Provided records ▸
[Start of Attachment]

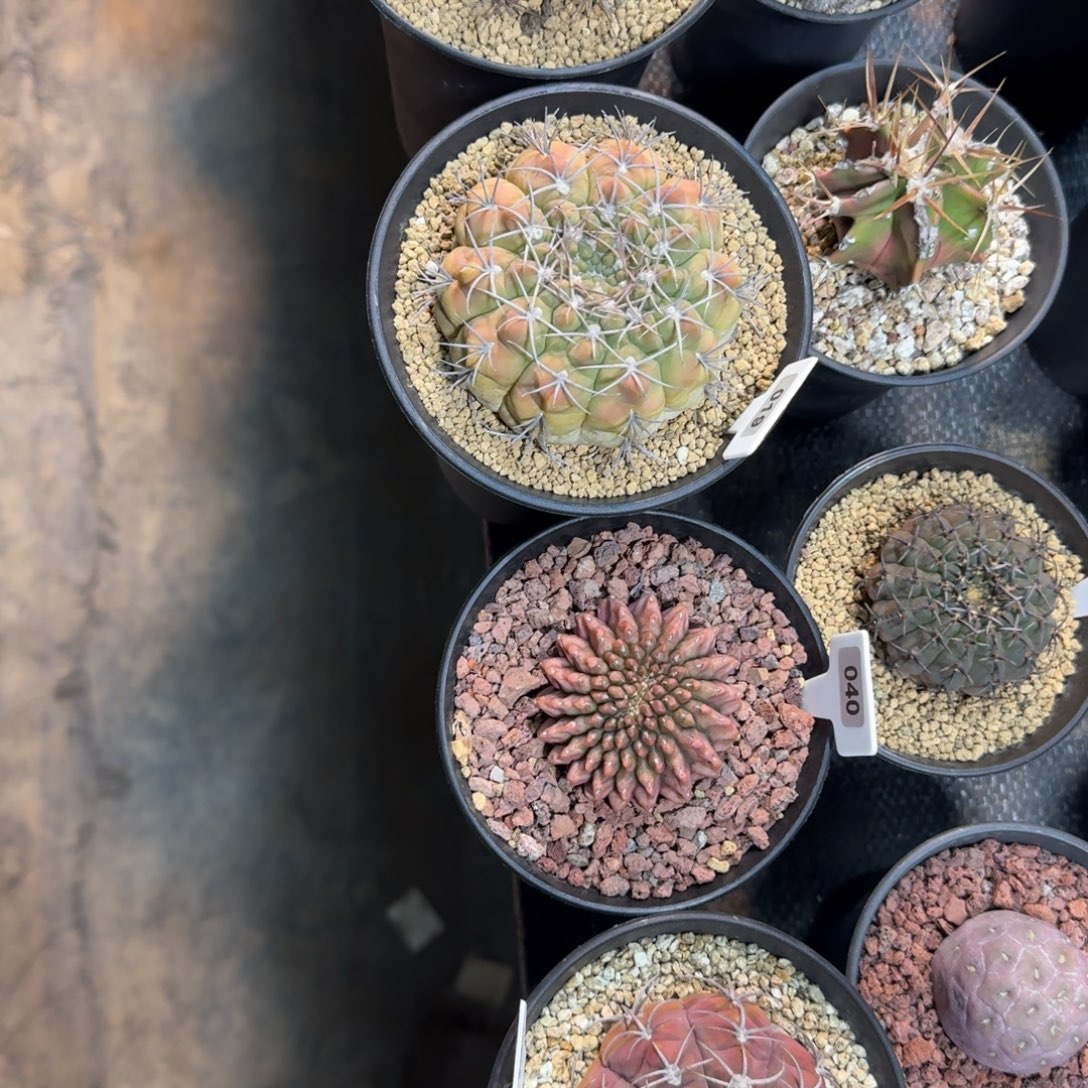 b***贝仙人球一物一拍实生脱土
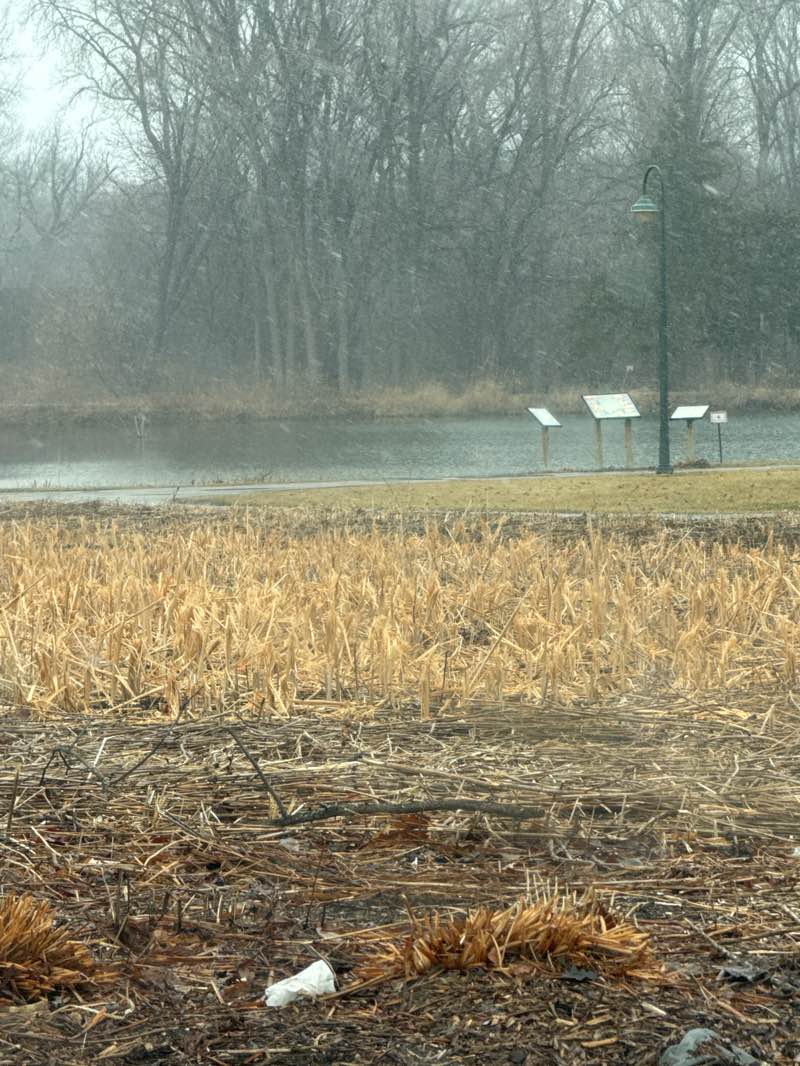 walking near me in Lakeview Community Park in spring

[End of Attachment]
[Start of Attachment]

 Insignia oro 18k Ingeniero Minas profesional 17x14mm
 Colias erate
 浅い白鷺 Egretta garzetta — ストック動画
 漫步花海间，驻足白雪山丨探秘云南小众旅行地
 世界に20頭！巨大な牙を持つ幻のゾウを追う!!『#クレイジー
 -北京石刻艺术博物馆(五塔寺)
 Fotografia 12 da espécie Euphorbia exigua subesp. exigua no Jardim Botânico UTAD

[End of Attachment]
[Start of Attachment]

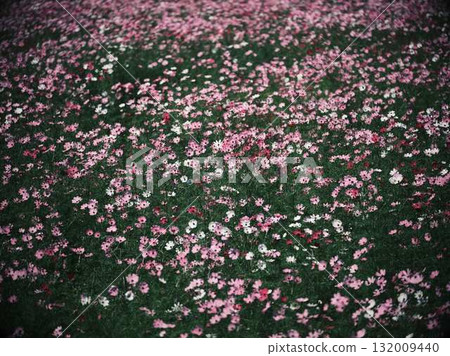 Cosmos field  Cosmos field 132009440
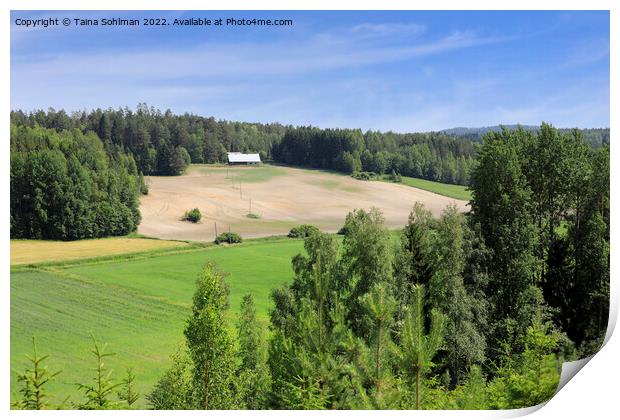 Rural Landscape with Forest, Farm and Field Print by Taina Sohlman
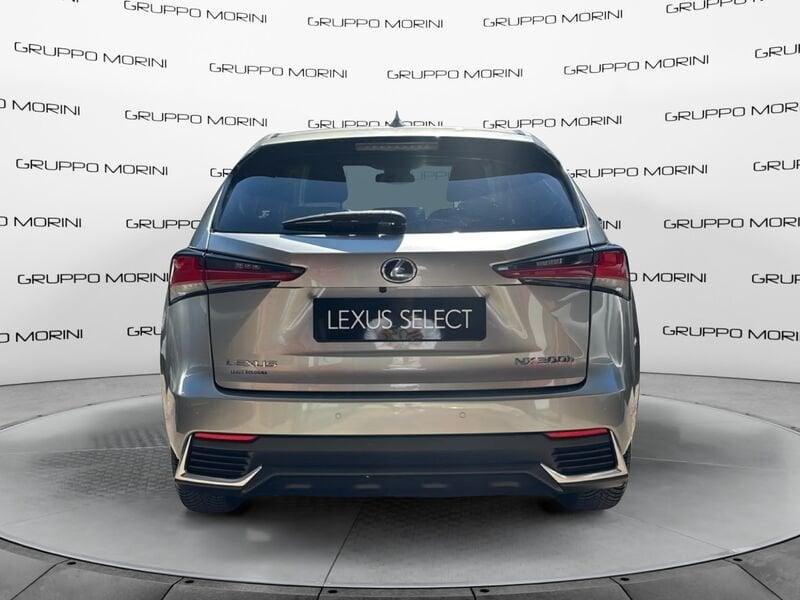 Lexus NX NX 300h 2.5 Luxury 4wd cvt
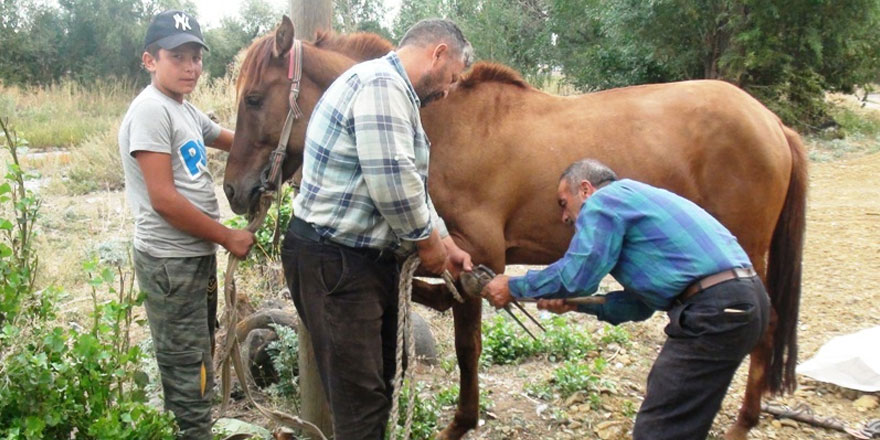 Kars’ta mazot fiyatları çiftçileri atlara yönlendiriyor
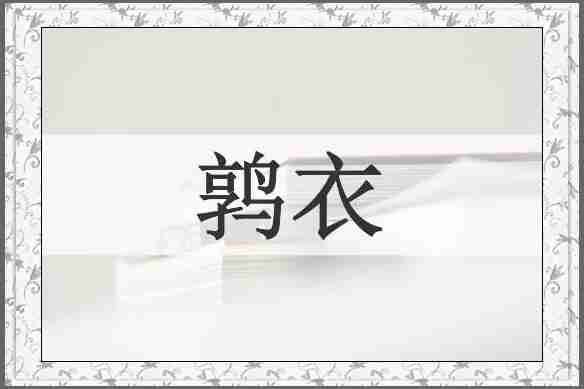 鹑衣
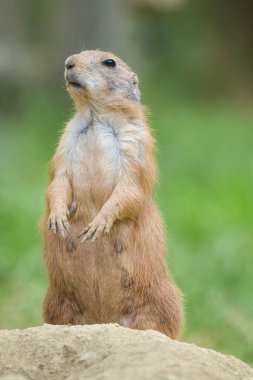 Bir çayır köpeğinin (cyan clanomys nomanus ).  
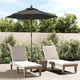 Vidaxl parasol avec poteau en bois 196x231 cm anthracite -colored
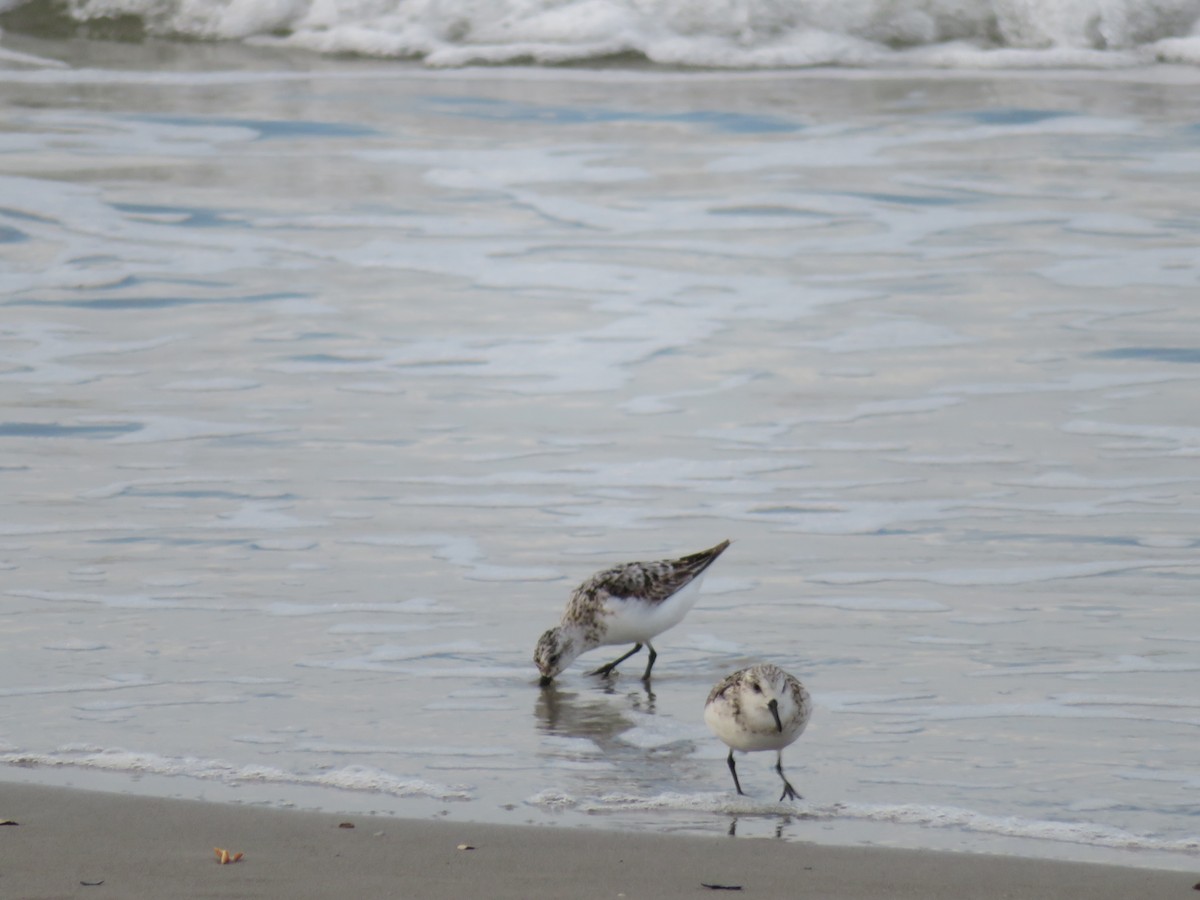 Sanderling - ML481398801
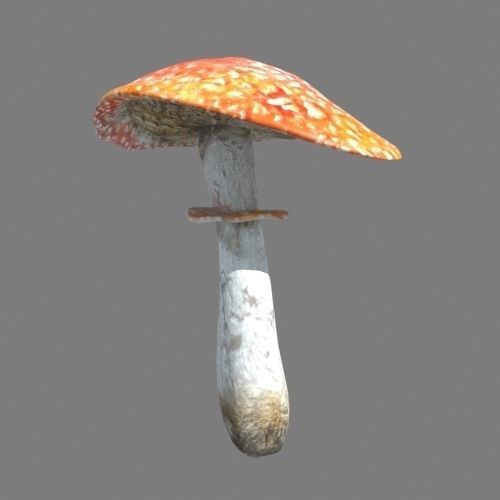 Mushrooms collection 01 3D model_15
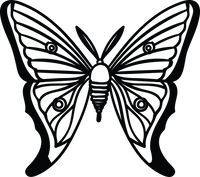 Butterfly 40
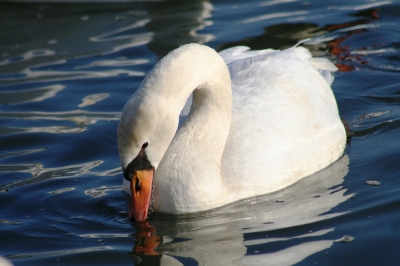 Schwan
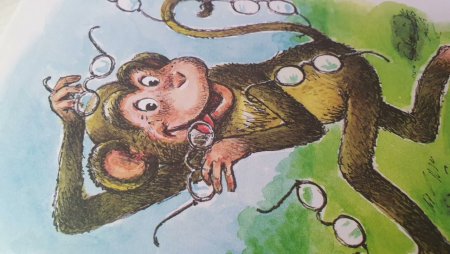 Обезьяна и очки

[End of Attachment]

Task item ▸
Beginning at the line above with "浅い白鷺 Egretta garzetta — ストック動画" and finishing at the line with "Fotografia 12 da", return each line exactly and return nothing else.

Answer ▸
 浅い白鷺 Egretta garzetta — ストック動画
 漫步花海间，驻足白雪山丨探秘云南小众旅行地
 世界に20頭！巨大な牙を持つ幻のゾウを追う!!『#クレイジー
 -北京石刻艺术博物馆(五塔寺)
 Fotografia 12 da espécie Euphorbia exigua subesp. exigua no Jardim Botânico UTAD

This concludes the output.